TASK ITEM:
Quote word for word the lines below, beginning with the first and ending with the one that has "Depremde hayatını kaybedenler". Drop the pictures.

========================

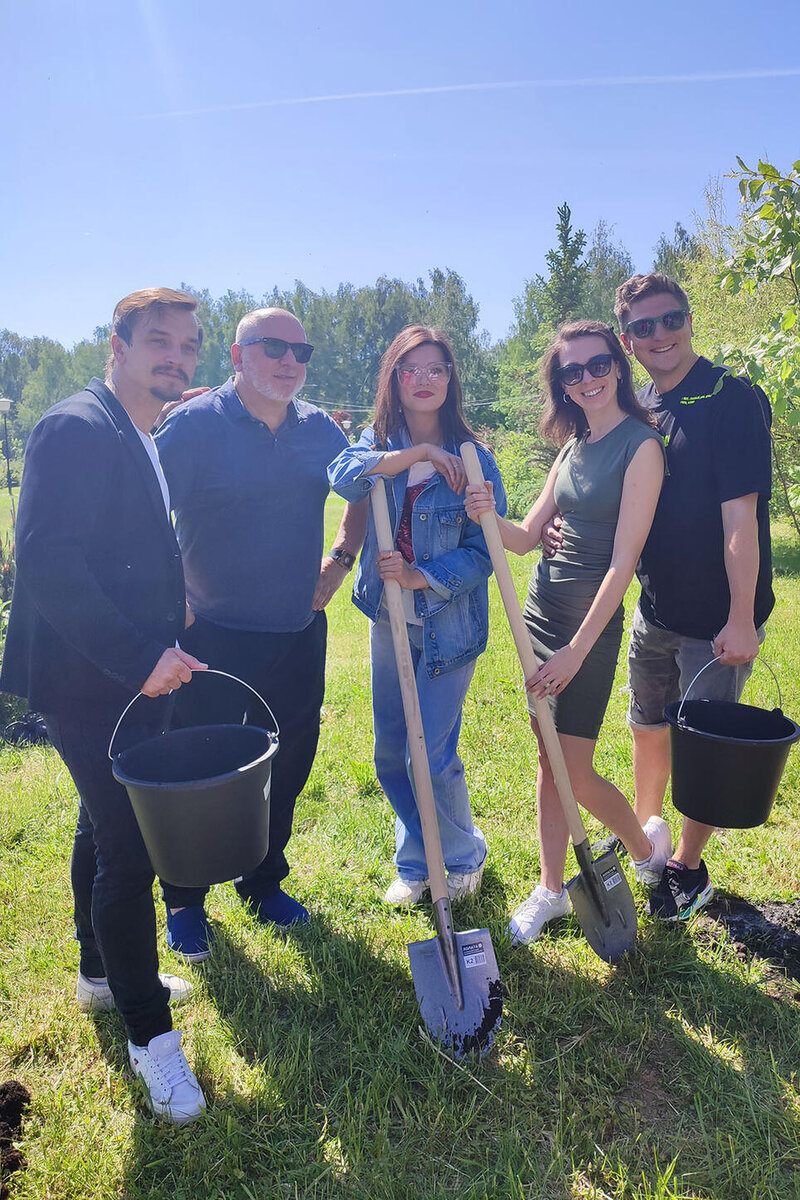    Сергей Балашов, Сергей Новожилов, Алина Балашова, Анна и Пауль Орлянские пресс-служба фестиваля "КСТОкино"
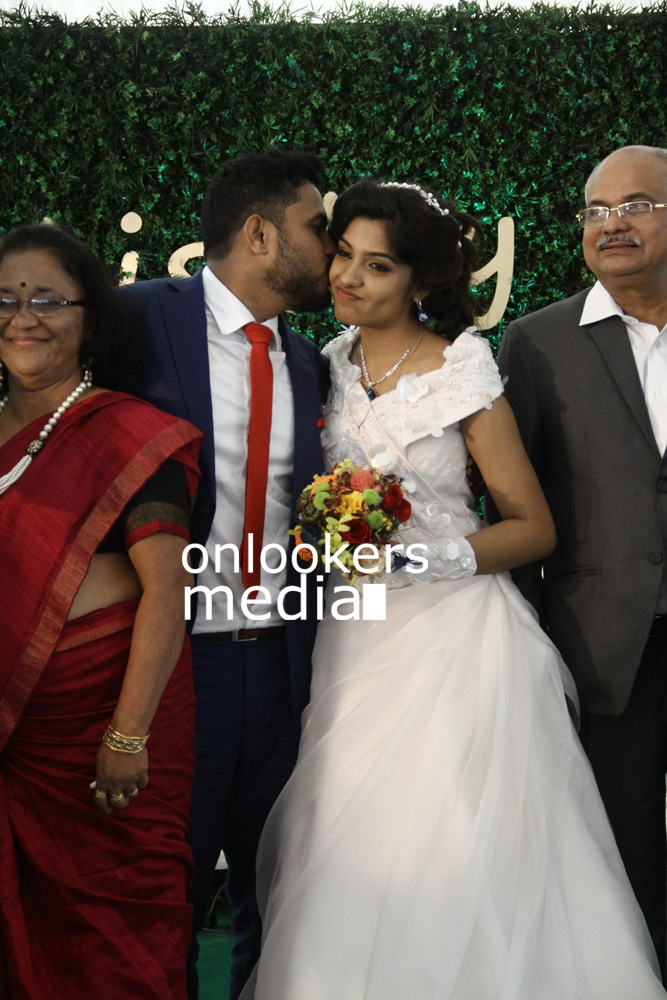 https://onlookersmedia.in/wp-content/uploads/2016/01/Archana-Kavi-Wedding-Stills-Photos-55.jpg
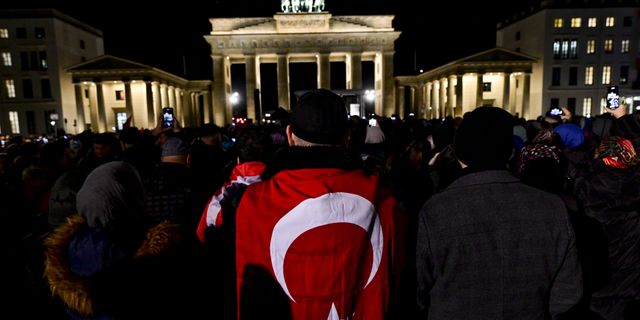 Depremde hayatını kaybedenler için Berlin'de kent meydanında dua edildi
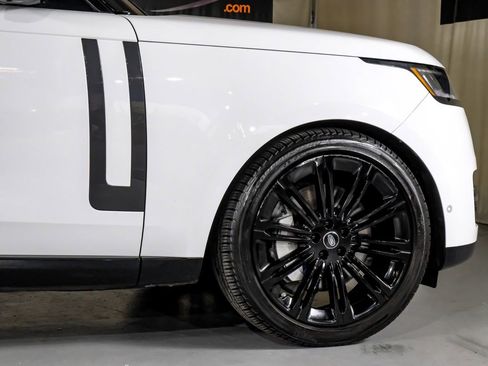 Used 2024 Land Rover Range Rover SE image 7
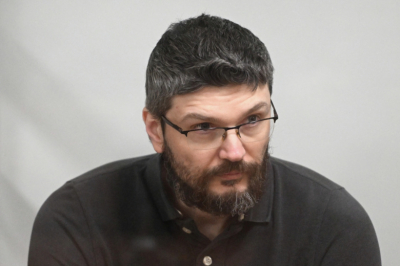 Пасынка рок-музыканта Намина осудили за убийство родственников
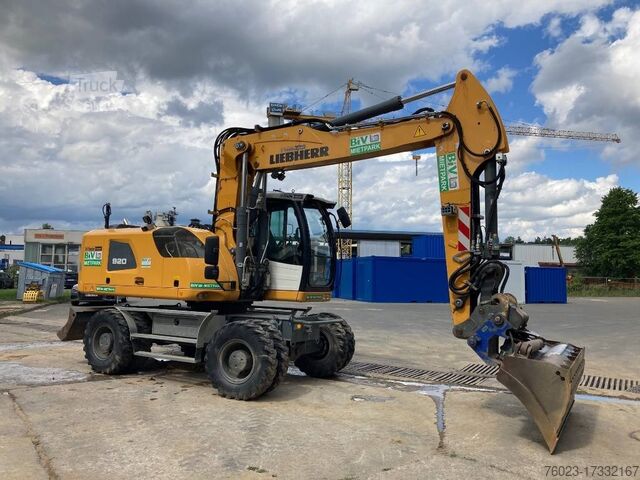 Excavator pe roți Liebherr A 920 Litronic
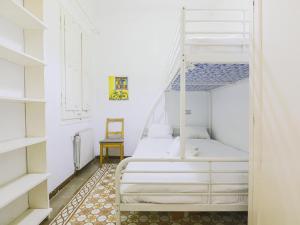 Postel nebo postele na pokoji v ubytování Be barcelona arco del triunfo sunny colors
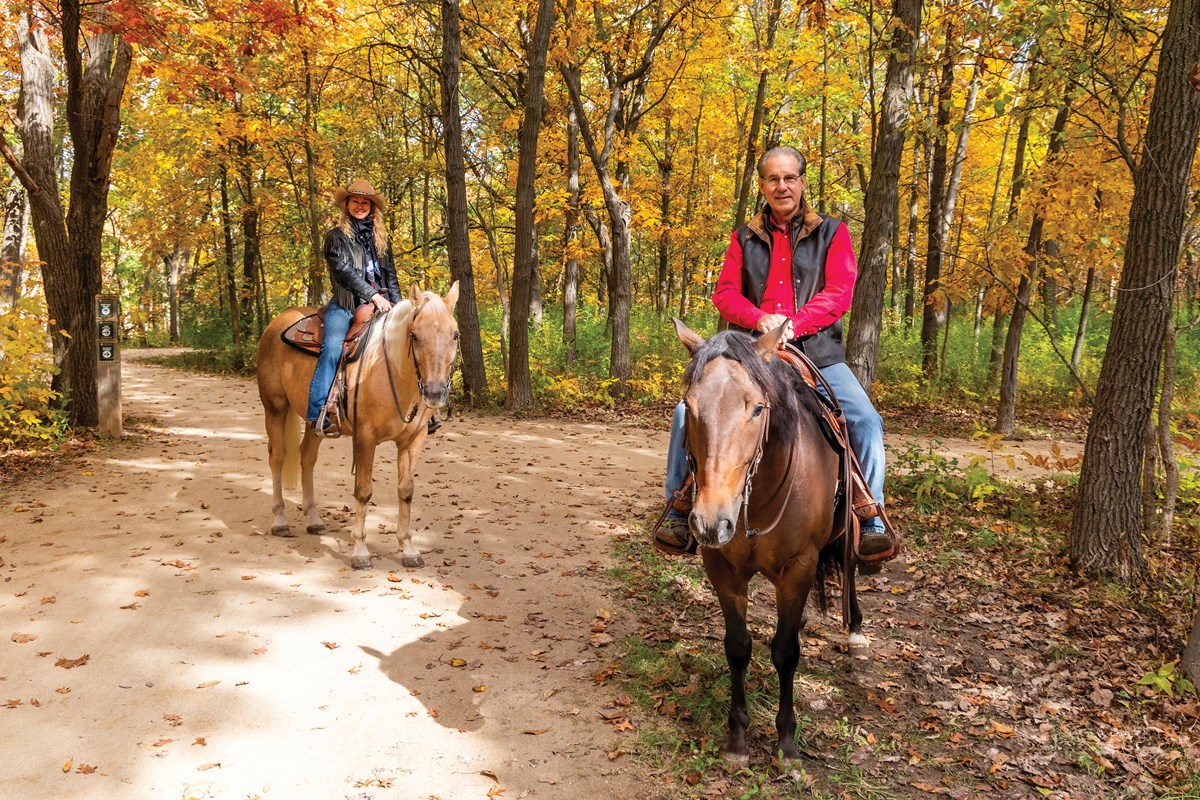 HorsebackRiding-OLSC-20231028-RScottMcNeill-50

========================

WRITTEN ANSWER:
    Сергей Балашов, Сергей Новожилов, Алина Балашова, Анна и Пауль Орлянские пресс-служба фестиваля "КСТОкино"
 https://onlookersmedia.in/wp-content/uploads/2016/01/Archana-Kavi-Wedding-Stills-Photos-55.jpg
 Depremde hayatını kaybedenler için Berlin'de kent meydanında dua edildi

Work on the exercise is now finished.